Les responsables de la FTC ont souligné qu'Internet avait modifié la façon dont les gens achètent pour tous leurs achats, du dentifrice au taxi. Ils ont exhorté les législateurs à rester sceptiques quant aux arguments des concessionnaires d’automobiles selon lesquels ils avaient besoin de protection.

"Les changements peuvent parfois être difficiles pour les concurrents établis qui sont habitués à opérer d'une manière particulière, mais les consommateurs peuvent bénéficier d'un changement qui défie également des concurrents de longue date", ont écrit les responsables de la FTC.

Le système de franchise a été mis en place dans la première moitié du 20e siècle par des constructeurs automobiles qui ne souhaitaient pas les frais de constitution de leur propre force de vente. Les responsables de la FTC ont déclaré que des réglementations avaient été créées pour protéger les concessionnaires des pratiques abusives des constructeurs automobiles.

«Dans ce cas et dans d’autres, de nombreux régulateurs nationaux et locaux ont éliminé l’option d’achat direct pour les consommateurs en prenant des mesures pour protéger les intermédiaires existants de la nouvelle concurrence.
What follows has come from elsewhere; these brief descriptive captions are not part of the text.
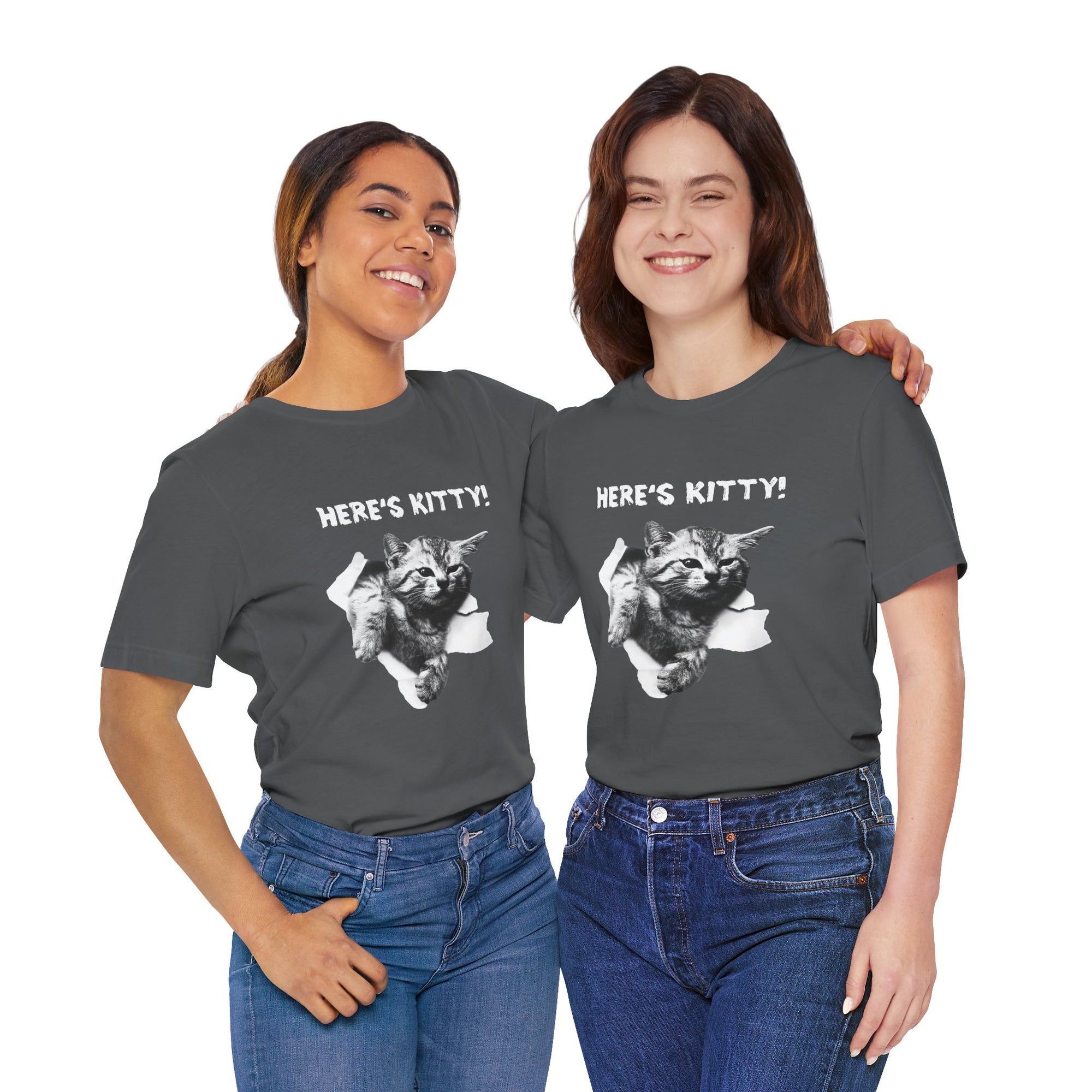 Two people wearing gray t-shirts with a cat graphic and 'Here's Kitty!' text.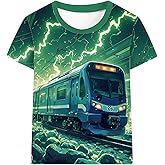 DDSOL Boys Monster Truck Shirt 3D Graphics Lightning Train Short Sleeve Tshirt Tops 4-10 Years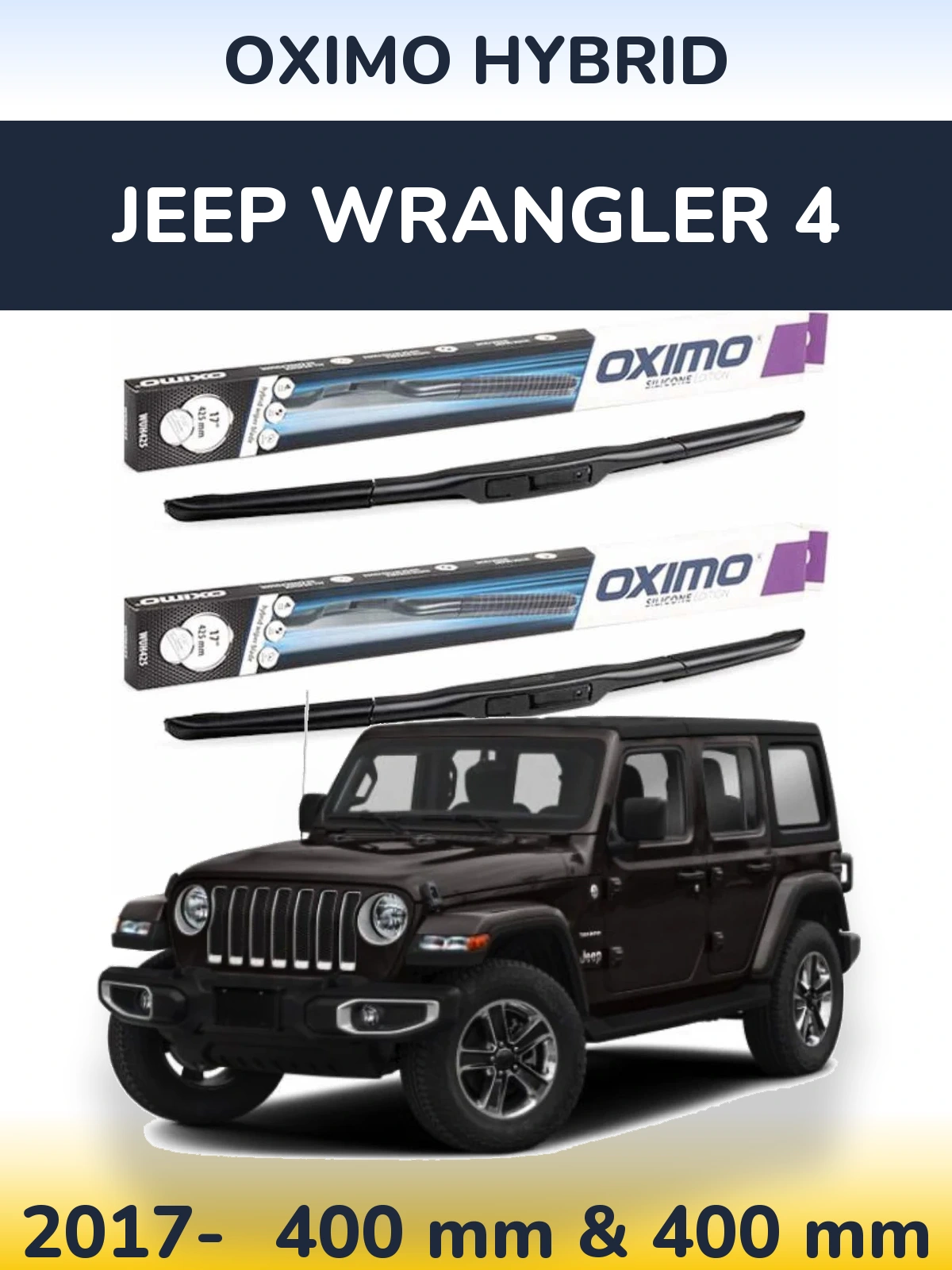Front wiper blade set Oximo Hybrid 400 & 400 mm for Jeep Wrangler 4 2017-2026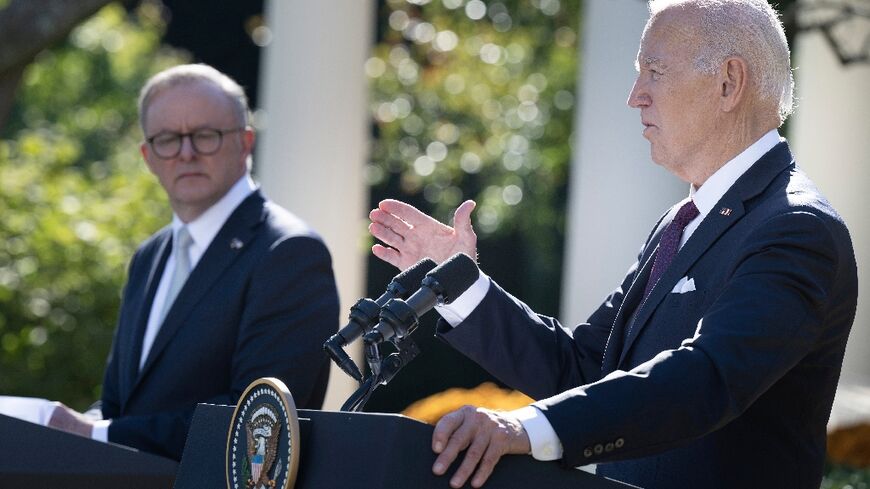 US President Joe Biden (R) speaks during a joint press conference with Australia's Prime Minister Anthony Albanese at the Rose Garden of the White House in Washington, DC, on October 25, 2023
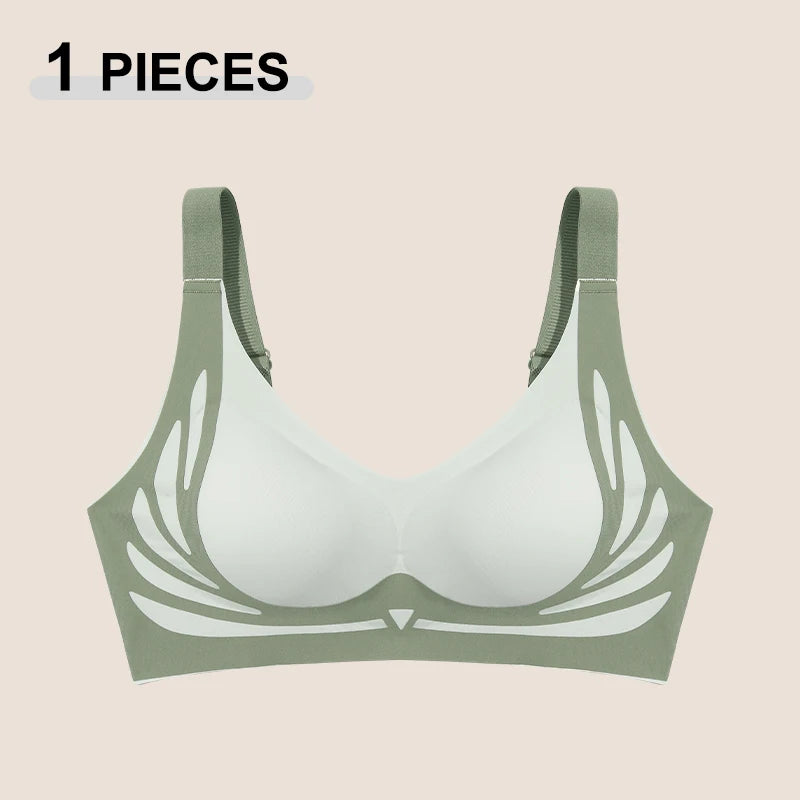 1/2Pcs/Set Women Push Up Bras Seamless Comfortable Angel Wings Bras Set Trendy Soft Breathable Underwear Female No Wire Lingerie - Matrix Studios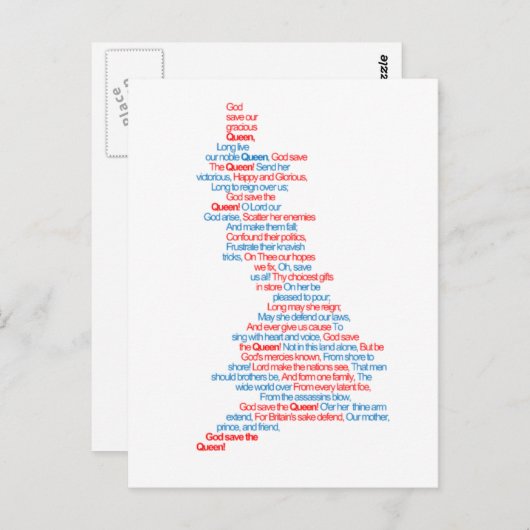 Nationaal volkslied briefkaart (Voorkant / Achterkant)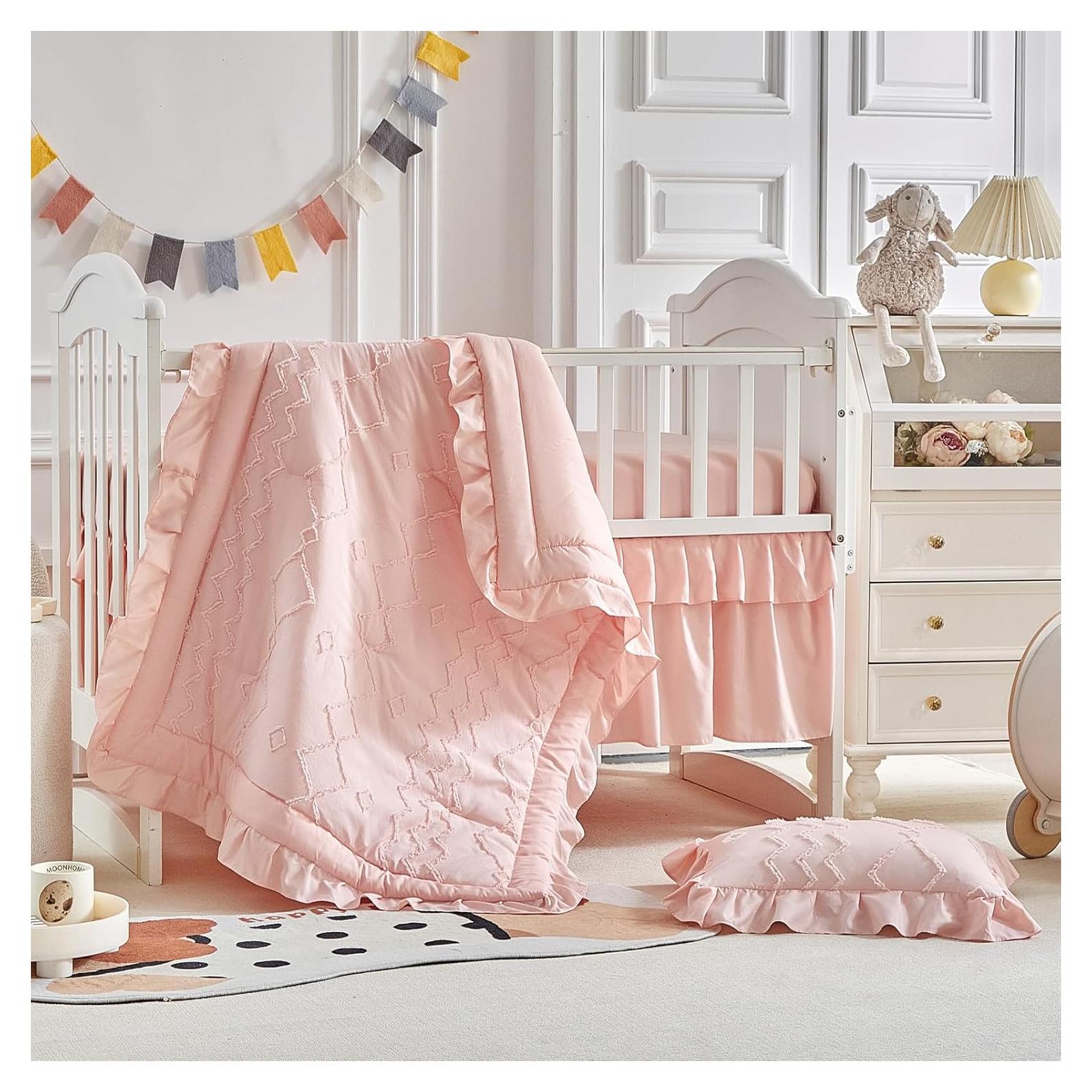 Conjunto de Ropa de Cuna AIKASY 4 Piezas Rosa Coral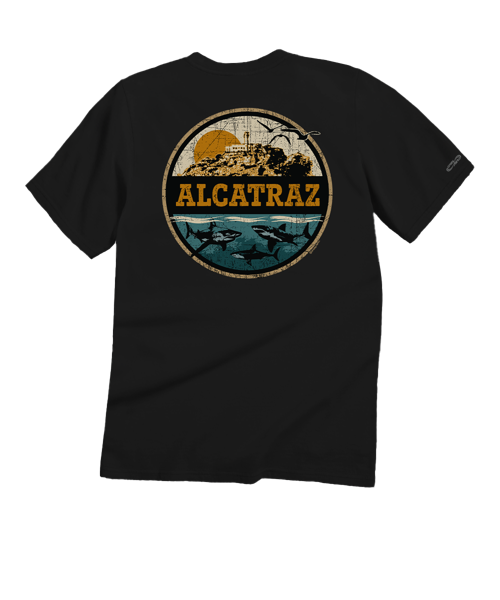 Alcatraz Sharks - Black Short Sleeve Crewneck T-Shirt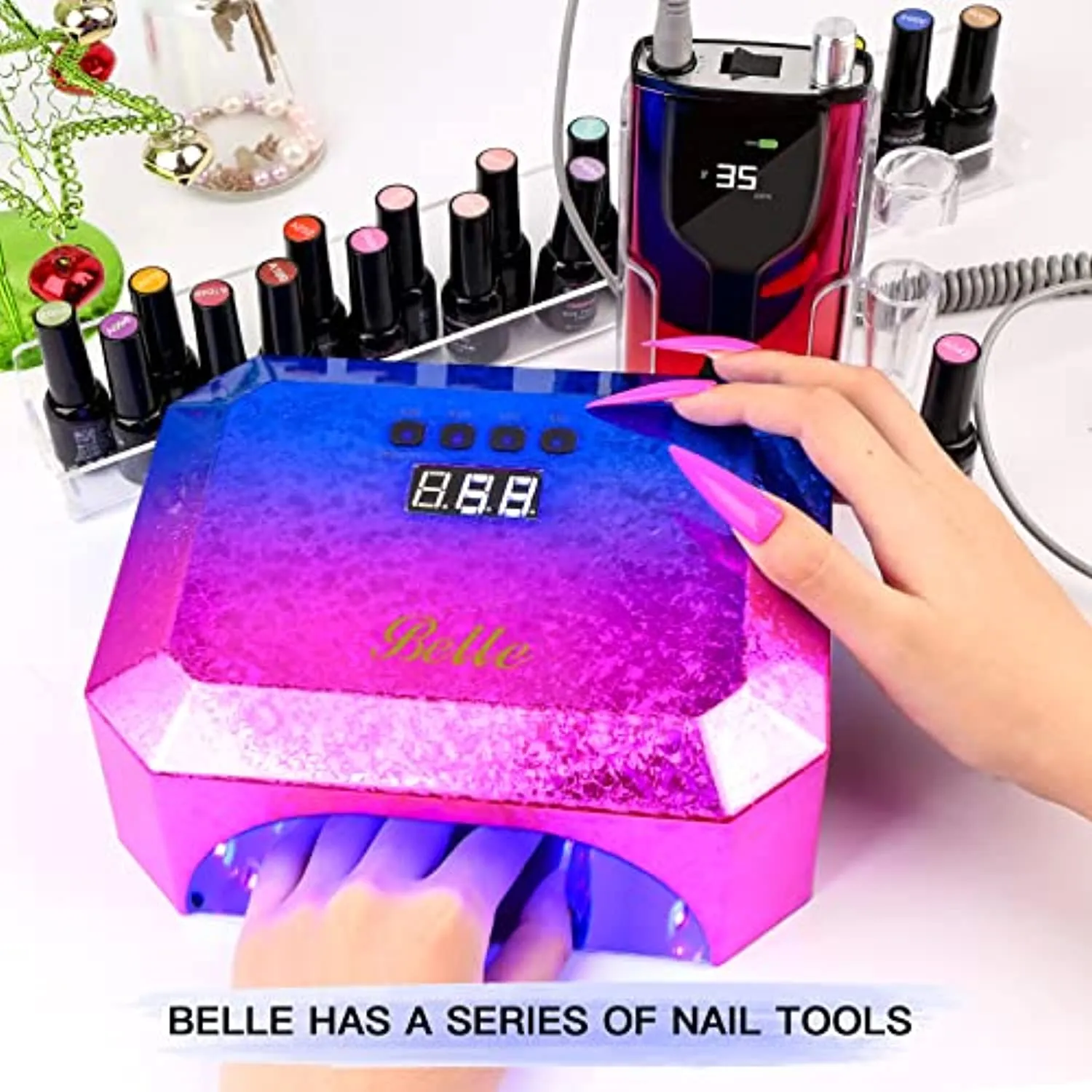 Gel UV Nail Lamp , Belle Rechargeable Nail Dryer, Led Nail Light Portable Gel UV Led Nail Lamp with 4 Timer Setting Sensor and LCD Display, Professional Led UV Lamp for Gel Polish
Nous pensons que c'est une mauvaise politique », ont écrit Gavil, Feinstein et Gaynor dans leur blog.

«Les régulateurs devraient faire la différence entre des réglementations qui protègent réellement les consommateurs et celles qui protègent les réglementés», ont-ils écrit.

Ni Tesla ni la National Auto Dealers Association n’ont réagi immédiatement à la publication du blog.

Le conflit entre Tesla et ses concessionnaires s’est aggravé l’année dernière lorsque Tesla a présenté sa Model S, une berline de plus de 60 000 dollars destinée à un public plus large que la voiture de sport Roadster à deux places et 101 000 dollars qu’elle avait lancée en 2009.

Malgré les interdictions, Tesla a trouvé un moyen de convaincre ses clients de regarder ses voitures. Dans les États où les ventes sont interdites, les employés de Tesla exposent leurs voitures dans des «galeries» et invitent leurs clients à conclure la vente par téléphone ou en ligne.

Tesla, fondée en 2003, a réalisé en 2013 un chiffre d'affaires total d'environ 22 500 voitures.

Musk a déclaré qu'il n'était pas intéressé par le renversement du système de franchise existant, mais qu'il ne voulait pas y participer.